Saved entries

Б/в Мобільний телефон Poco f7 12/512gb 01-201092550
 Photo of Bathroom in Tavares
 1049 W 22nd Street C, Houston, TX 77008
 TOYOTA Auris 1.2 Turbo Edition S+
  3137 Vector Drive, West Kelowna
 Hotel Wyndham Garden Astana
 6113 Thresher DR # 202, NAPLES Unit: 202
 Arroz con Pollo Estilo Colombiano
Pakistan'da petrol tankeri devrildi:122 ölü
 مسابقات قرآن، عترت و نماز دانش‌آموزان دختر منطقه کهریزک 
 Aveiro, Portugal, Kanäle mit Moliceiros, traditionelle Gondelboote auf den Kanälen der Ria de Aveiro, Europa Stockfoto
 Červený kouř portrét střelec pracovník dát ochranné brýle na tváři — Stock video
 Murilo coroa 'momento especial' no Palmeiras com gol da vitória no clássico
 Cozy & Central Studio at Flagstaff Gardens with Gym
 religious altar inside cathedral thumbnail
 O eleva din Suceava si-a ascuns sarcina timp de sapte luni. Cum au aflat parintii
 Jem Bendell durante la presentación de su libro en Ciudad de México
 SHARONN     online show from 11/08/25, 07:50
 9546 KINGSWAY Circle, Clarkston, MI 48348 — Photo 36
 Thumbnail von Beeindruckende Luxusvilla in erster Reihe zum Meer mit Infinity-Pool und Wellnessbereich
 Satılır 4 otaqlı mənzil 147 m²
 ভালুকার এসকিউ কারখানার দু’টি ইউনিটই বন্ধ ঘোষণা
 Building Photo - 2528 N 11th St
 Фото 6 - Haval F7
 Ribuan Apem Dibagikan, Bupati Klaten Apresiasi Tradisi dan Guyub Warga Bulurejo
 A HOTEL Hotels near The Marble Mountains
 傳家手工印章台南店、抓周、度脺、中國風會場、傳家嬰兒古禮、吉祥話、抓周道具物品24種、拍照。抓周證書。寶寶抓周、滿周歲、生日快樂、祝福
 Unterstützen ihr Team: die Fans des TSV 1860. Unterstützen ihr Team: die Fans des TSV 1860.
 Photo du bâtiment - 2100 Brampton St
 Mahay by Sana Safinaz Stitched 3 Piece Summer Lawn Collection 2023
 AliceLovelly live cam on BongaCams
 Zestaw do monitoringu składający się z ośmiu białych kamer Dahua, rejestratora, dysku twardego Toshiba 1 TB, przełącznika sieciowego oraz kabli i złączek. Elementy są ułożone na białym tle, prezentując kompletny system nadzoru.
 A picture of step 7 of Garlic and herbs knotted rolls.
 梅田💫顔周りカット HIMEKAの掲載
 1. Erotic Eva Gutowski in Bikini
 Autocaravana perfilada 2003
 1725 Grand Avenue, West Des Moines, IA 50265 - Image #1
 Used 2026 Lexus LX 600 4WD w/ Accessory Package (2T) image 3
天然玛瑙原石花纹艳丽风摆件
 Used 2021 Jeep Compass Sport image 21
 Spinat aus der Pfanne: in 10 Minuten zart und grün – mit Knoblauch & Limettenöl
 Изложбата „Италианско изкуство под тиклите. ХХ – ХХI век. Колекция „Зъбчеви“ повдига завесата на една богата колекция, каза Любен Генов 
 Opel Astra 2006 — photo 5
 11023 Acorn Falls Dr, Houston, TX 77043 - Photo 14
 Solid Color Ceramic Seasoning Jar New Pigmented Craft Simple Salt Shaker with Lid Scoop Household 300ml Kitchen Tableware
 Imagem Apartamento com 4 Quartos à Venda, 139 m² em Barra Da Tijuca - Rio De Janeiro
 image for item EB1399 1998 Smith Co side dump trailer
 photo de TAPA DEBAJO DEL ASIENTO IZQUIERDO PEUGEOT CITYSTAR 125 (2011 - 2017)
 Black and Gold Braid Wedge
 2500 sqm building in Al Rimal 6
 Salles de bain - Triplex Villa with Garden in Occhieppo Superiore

== What the task requires ==
Among the entries above, the lines between the ones containing "天然玛瑙原石花纹艳丽风摆件" and "image for item", inclusive, are to be transcribed exactly. No other line is to be given.

== Task response ==
天然玛瑙原石花纹艳丽风摆件
 Used 2021 Jeep Compass Sport image 21
 Spinat aus der Pfanne: in 10 Minuten zart und grün – mit Knoblauch & Limettenöl
 Изложбата „Италианско изкуство под тиклите. ХХ – ХХI век. Колекция „Зъбчеви“ повдига завесата на една богата колекция, каза Любен Генов 
 Opel Astra 2006 — photo 5
 11023 Acorn Falls Dr, Houston, TX 77043 - Photo 14
 Solid Color Ceramic Seasoning Jar New Pigmented Craft Simple Salt Shaker with Lid Scoop Household 300ml Kitchen Tableware
 Imagem Apartamento com 4 Quartos à Venda, 139 m² em Barra Da Tijuca - Rio De Janeiro
 image for item EB1399 1998 Smith Co side dump trailer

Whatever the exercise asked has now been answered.